Web scraping

class: center, middle

# Web scraping

.class-info[

**Week 13**

AEM 2850 / 5850 : R for Business Analytics<br>
Cornell Dyson<br>
Spring 2025

]

---

# Announcements

Only two full weeks left!

Remaining deadlines:
  - Homework-13 will be due Monday
  - Homework-14 will be our example in class next Thursday
  - Prelim 2 on May 6 in class (two weeks from today)

Questions before we get started?

---

# Plan for today

[Web scraping basics](#web-scraping-basics)

[Web scraping with rvest](#rvest)
  - [Cornell sports](#cornell-sports)
  - [College rankings](#college-rankings)

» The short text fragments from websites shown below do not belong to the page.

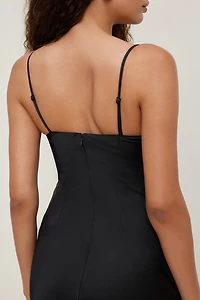 Bustier Satin Maxi Dress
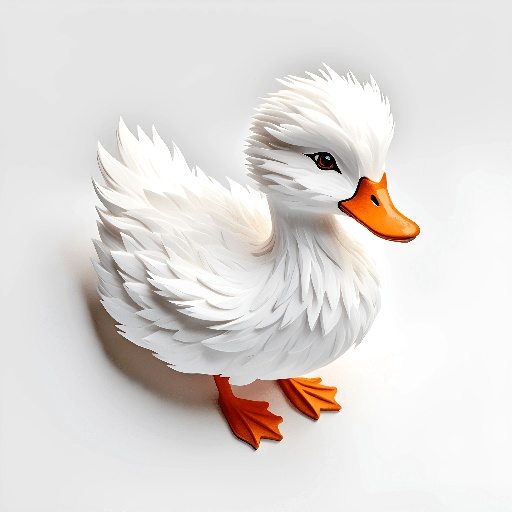 a white duck with orange feet and a white background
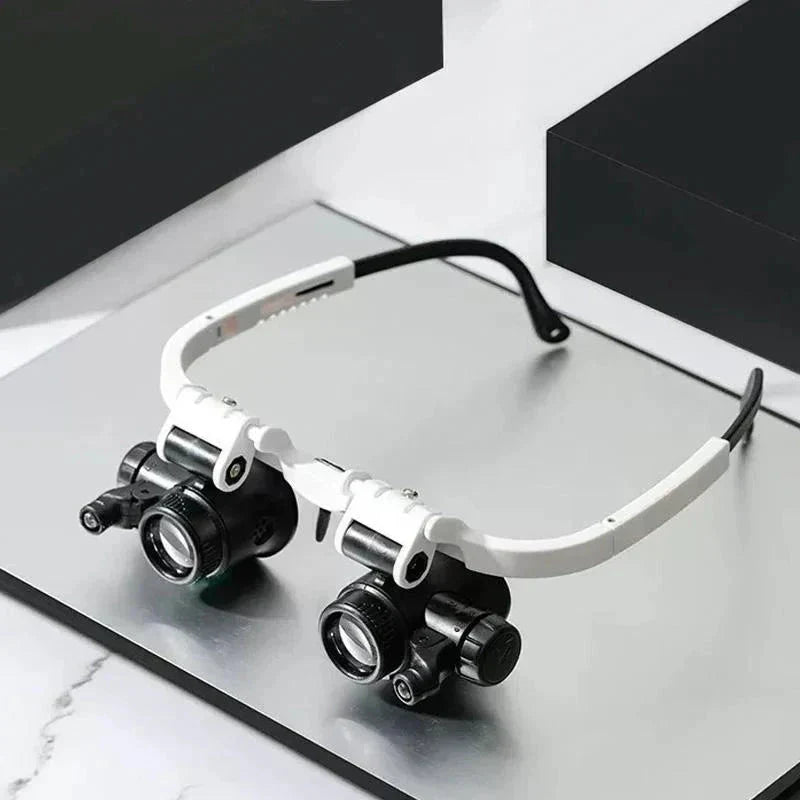 LED Magnifier Headset with 8x, 15x, 23x, Interchangeable Lenses and Dual Adjustable Lights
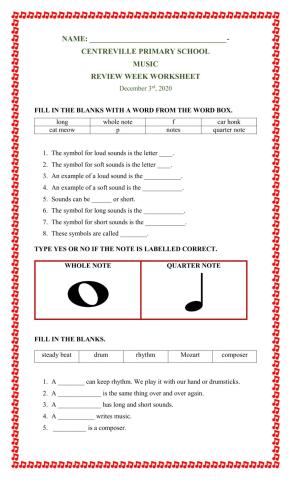 Music Review Worksheet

[Group project debrief](#group-project)

[Prelim 2](#prelim-2)

---
class: inverse, center, middle
name: web-scraping-basics

# Web scraping basics

---
# What is web scraping?

Getting data or "content" off the web and onto our computers

We get content off the web all the time!
- Copy and paste
- Read and take notes
- Screenshot

The goal of web **scraping** is to write computer code to help us automate this process and store the results in a machine-readable format

---

# Why would we want to scrape data?

When is web scraping useful?

- When the data is publicly available

- When you can't get the data in a more convenient format

When is web scraping not useful?

- When data is publicly available in other formats (e.g., csv)

- When the site owner offers a way to access data directly (e.g., via an API)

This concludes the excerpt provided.